START INPUT MATERIAL

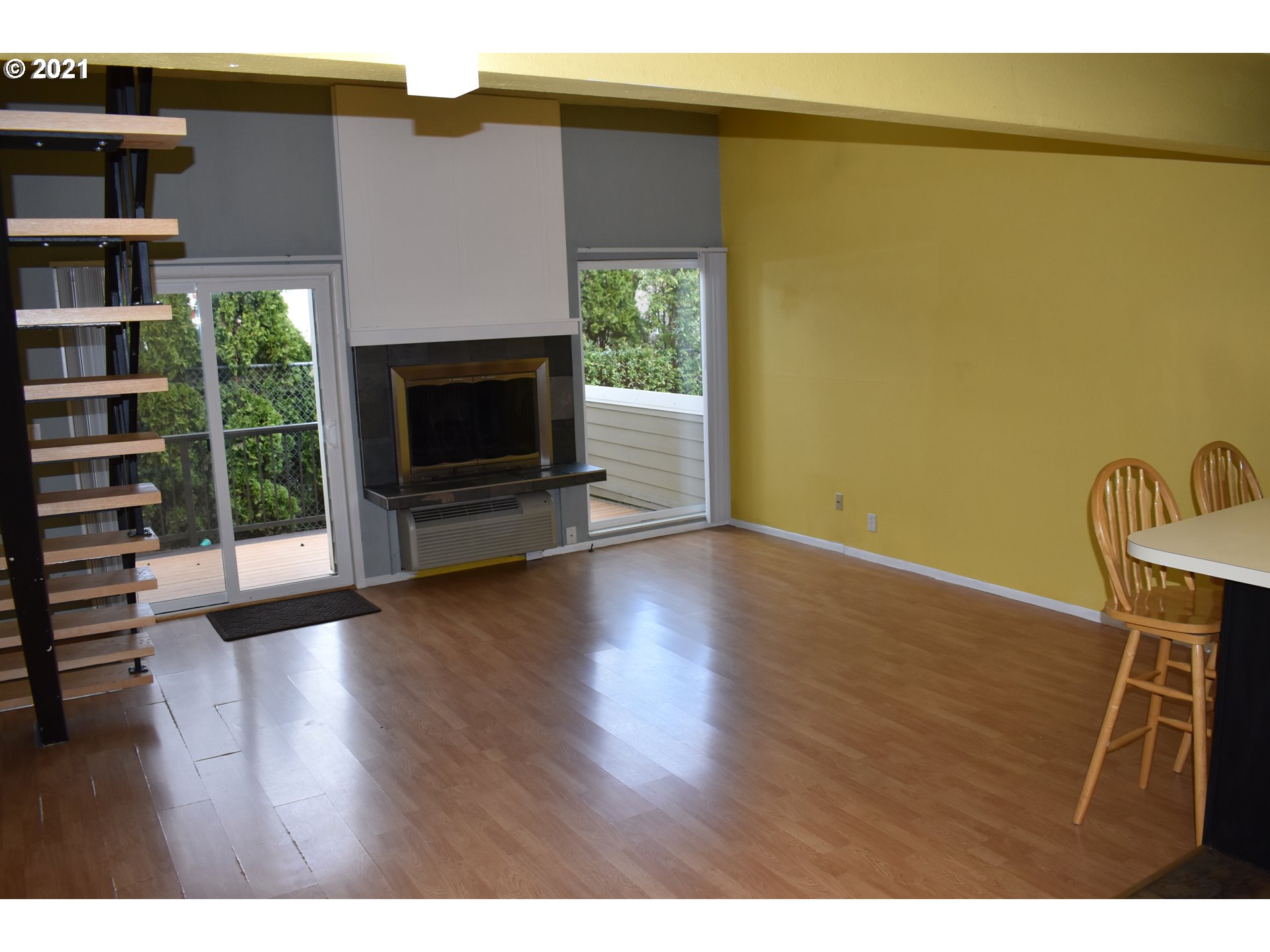 4690 Southwest Comus Place Portland, OR 97219 - Photo 14 of 32 Gallery Image 14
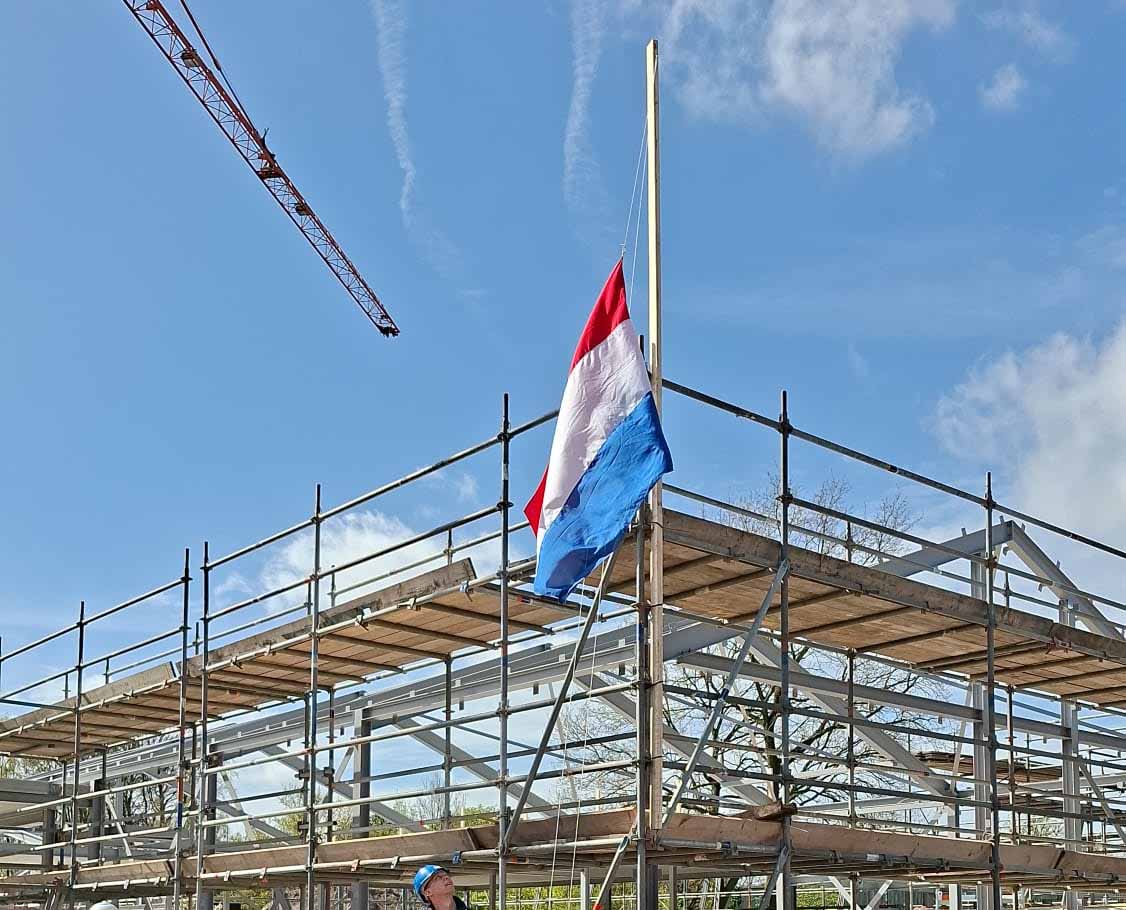 Kindcentrum De Rank in Roden bereikt hoogste punt nieuwbouw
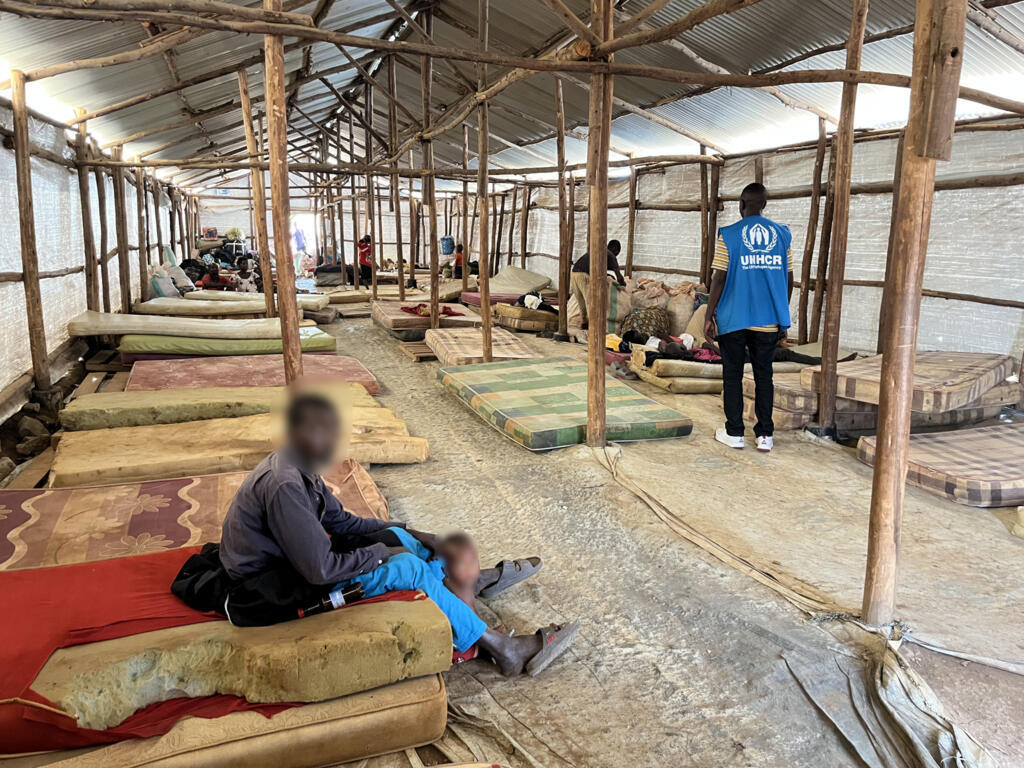 Dans le hangar du site de transit de Nyabitare, au Burundi.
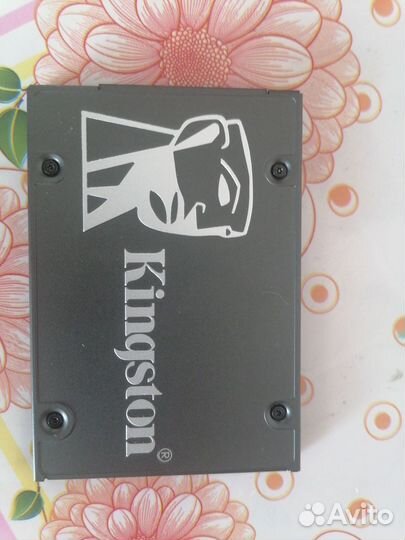 Ssd kingston kc600 512gb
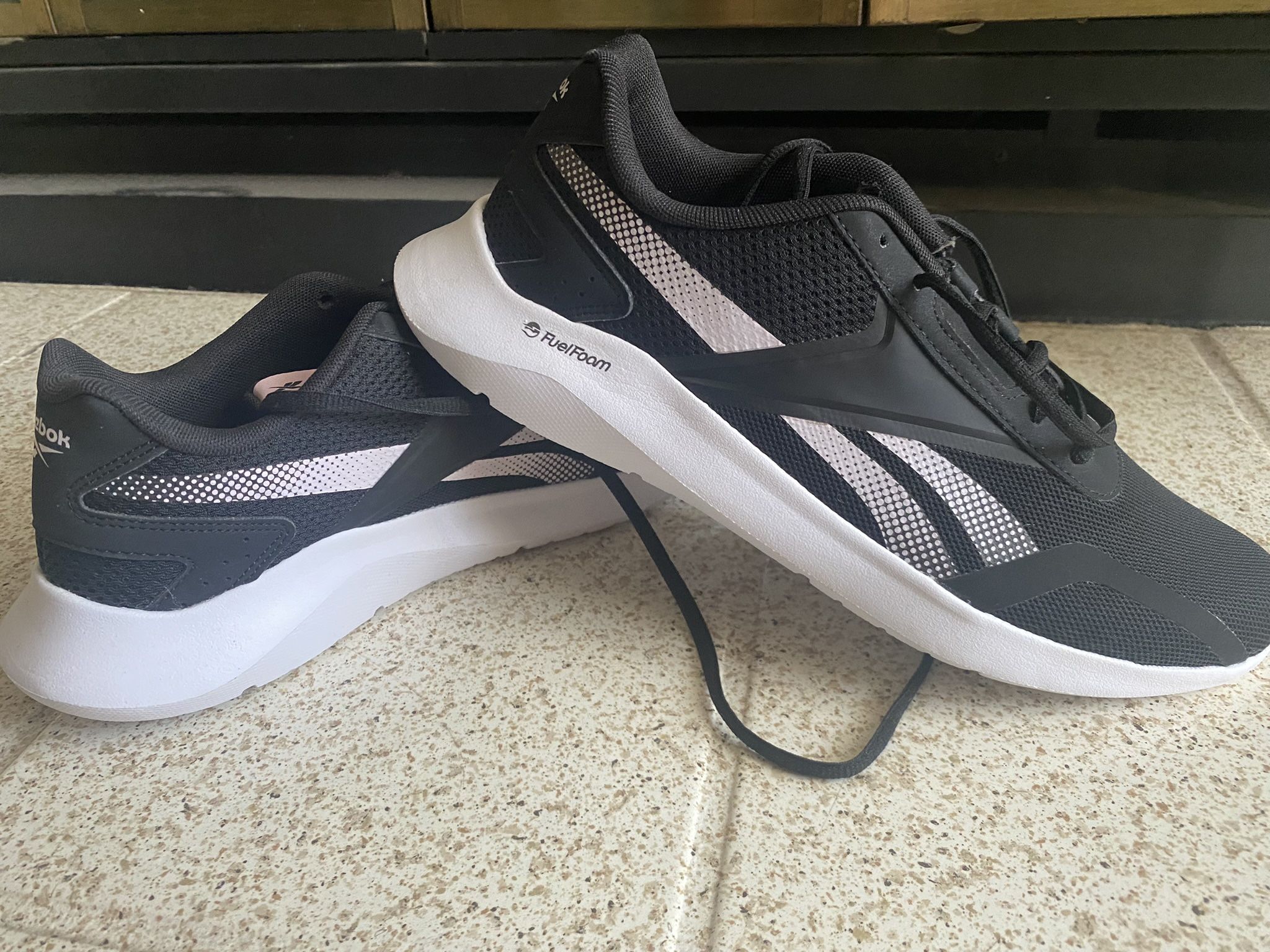 Womens Reebok Energylux2 Shoes Size 9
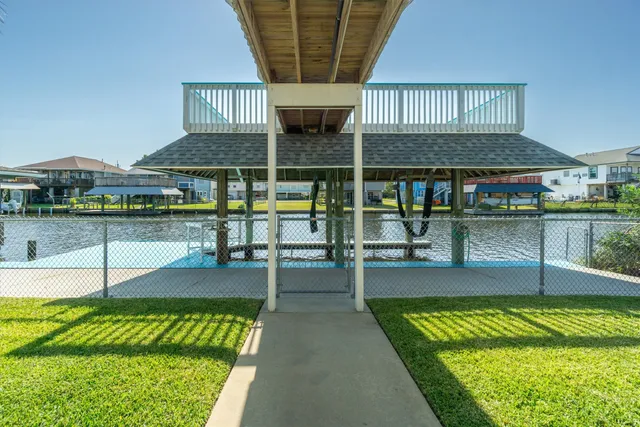 $475,000 | 385 Ling Street, Bayou Vista, TX 77563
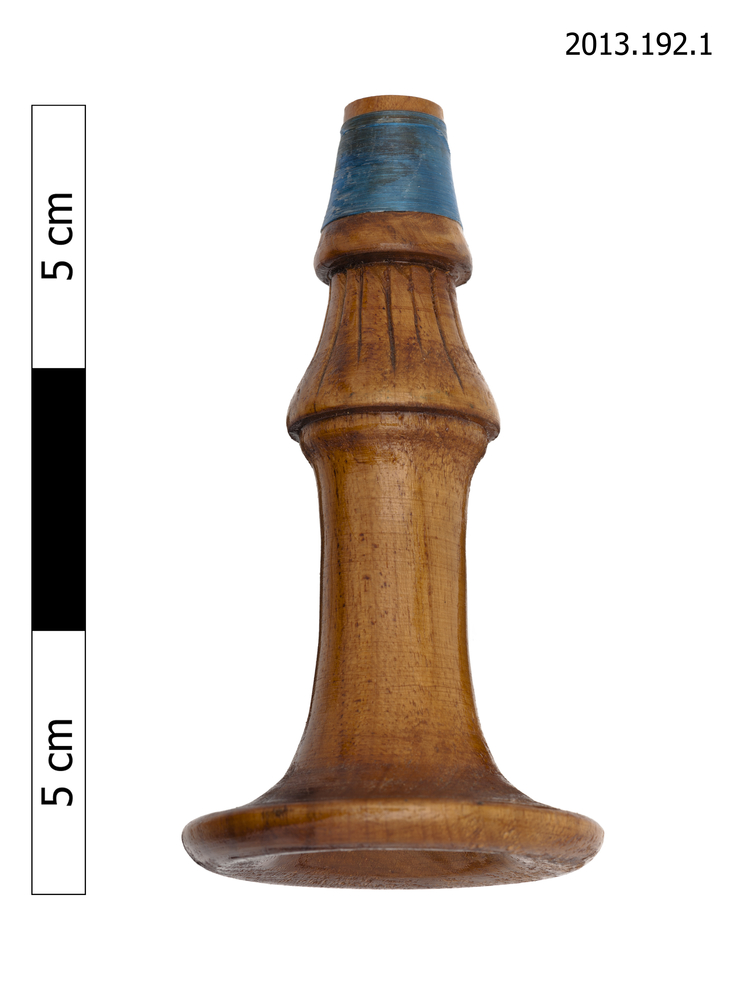 Image of 422.112-7 (Single) reedpipes with double (or quadruple) reeds with conical bore with fingerhole stopping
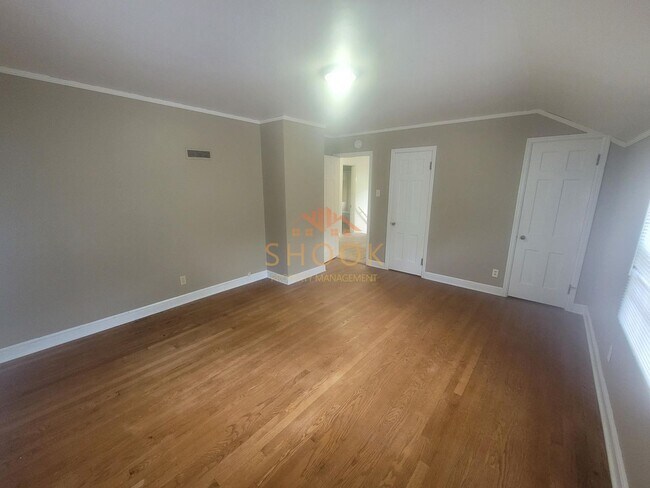 Building Photo - LARGE CAMPUS HOME AVAILABLE MID AUGUST 2024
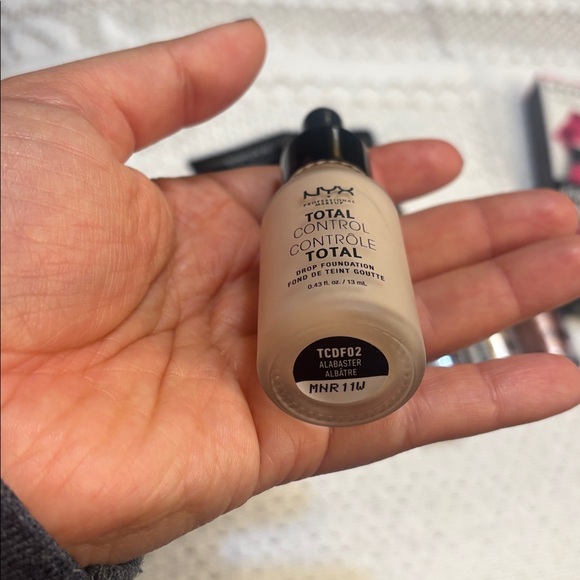 NYX makeup bundle / lot of 7 products - Picture 9 of 15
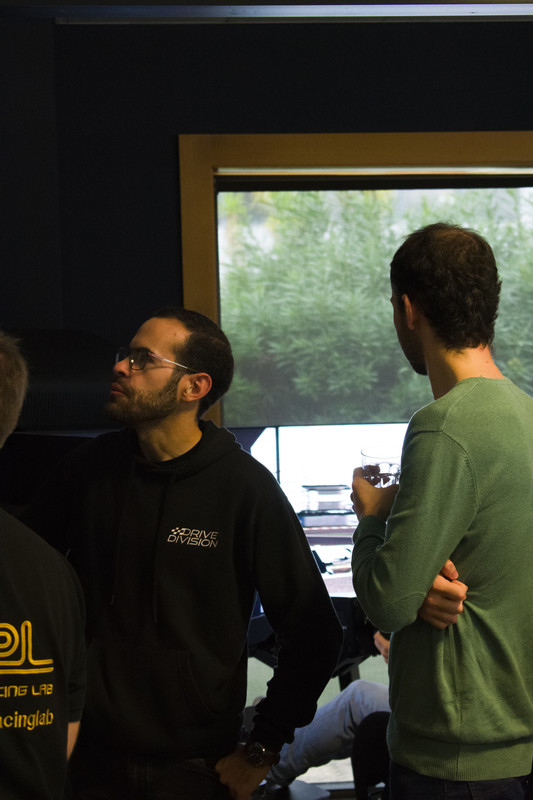 Membros da Drive Division a conviver durante o Coffee Break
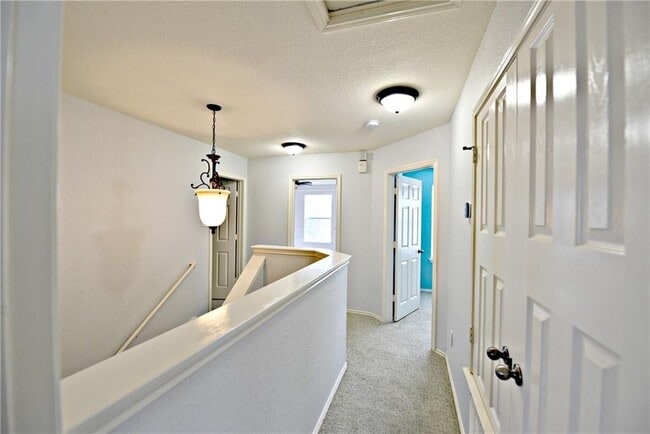 Building Photo - 1805 Copper Breaks Ln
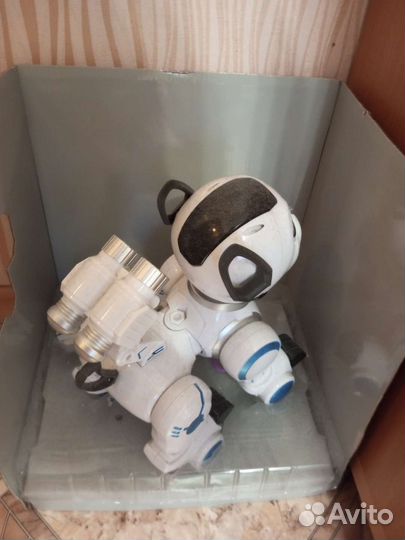 Игрушка робот с пультом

END INPUT MATERIAL

▸ EXERCISE INSTRUCTIONS
Take each line from the records and copy it unchanged, leaving images out.

▸ ANSWER BOX
 4690 Southwest Comus Place Portland, OR 97219 - Photo 14 of 32 Gallery Image 14
 Kindcentrum De Rank in Roden bereikt hoogste punt nieuwbouw
 Dans le hangar du site de transit de Nyabitare, au Burundi.
 Ssd kingston kc600 512gb
 Womens Reebok Energylux2 Shoes Size 9
 $475,000 | 385 Ling Street, Bayou Vista, TX 77563
 Image of 422.112-7 (Single) reedpipes with double (or quadruple) reeds with conical bore with fingerhole stopping
 Building Photo - LARGE CAMPUS HOME AVAILABLE MID AUGUST 2024
 NYX makeup bundle / lot of 7 products - Picture 9 of 15
 Membros da Drive Division a conviver durante o Coffee Break
 Building Photo - 1805 Copper Breaks Ln
 Игрушка робот с пультом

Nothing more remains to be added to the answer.